» INFORMATION SUPPLIED:
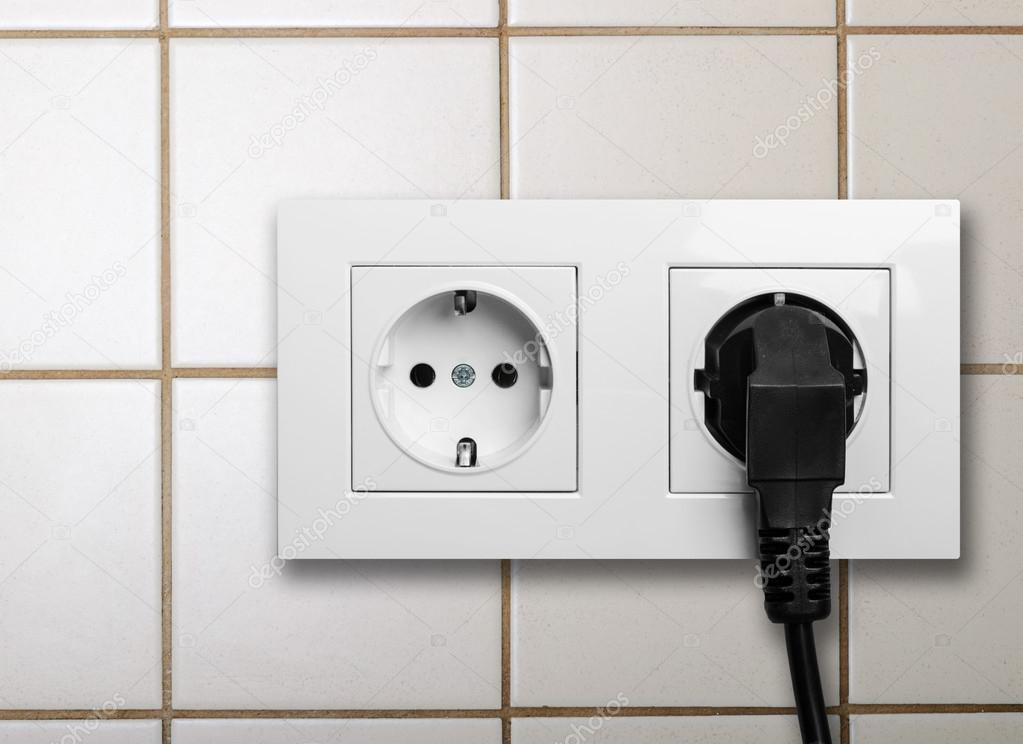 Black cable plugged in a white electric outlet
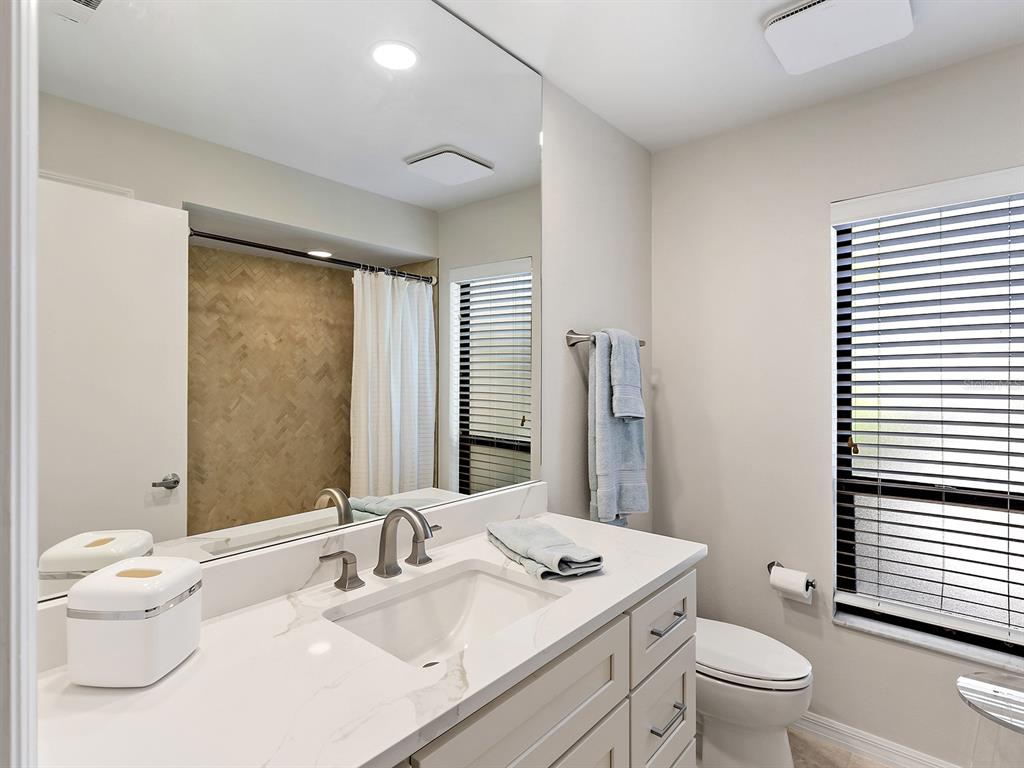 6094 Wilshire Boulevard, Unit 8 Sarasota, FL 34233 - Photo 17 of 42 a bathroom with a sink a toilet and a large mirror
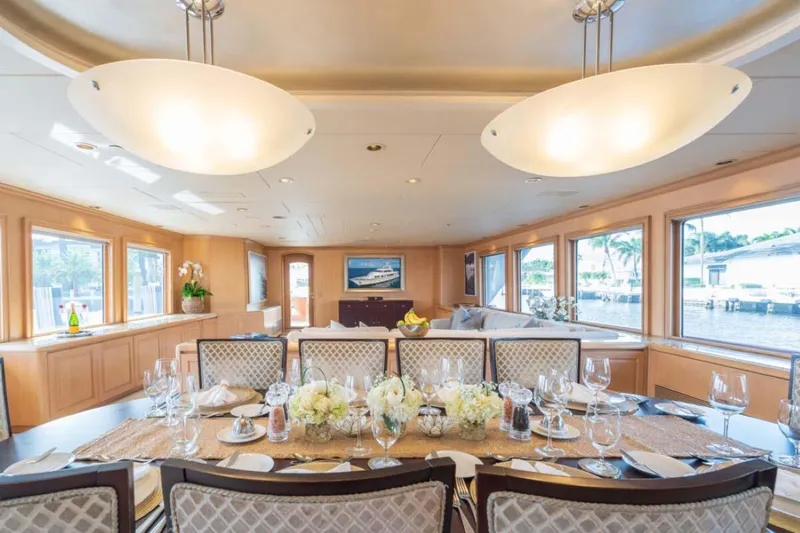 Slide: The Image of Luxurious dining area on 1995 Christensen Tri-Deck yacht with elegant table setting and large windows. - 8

» EXERCISE AIM:
Every line of the material above should be repeated exactly, except for the pictures.

» WRITTEN REPLY:
 Black cable plugged in a white electric outlet
 6094 Wilshire Boulevard, Unit 8 Sarasota, FL 34233 - Photo 17 of 42 a bathroom with a sink a toilet and a large mirror
 Slide: The Image of Luxurious dining area on 1995 Christensen Tri-Deck yacht with elegant table setting and large windows. - 8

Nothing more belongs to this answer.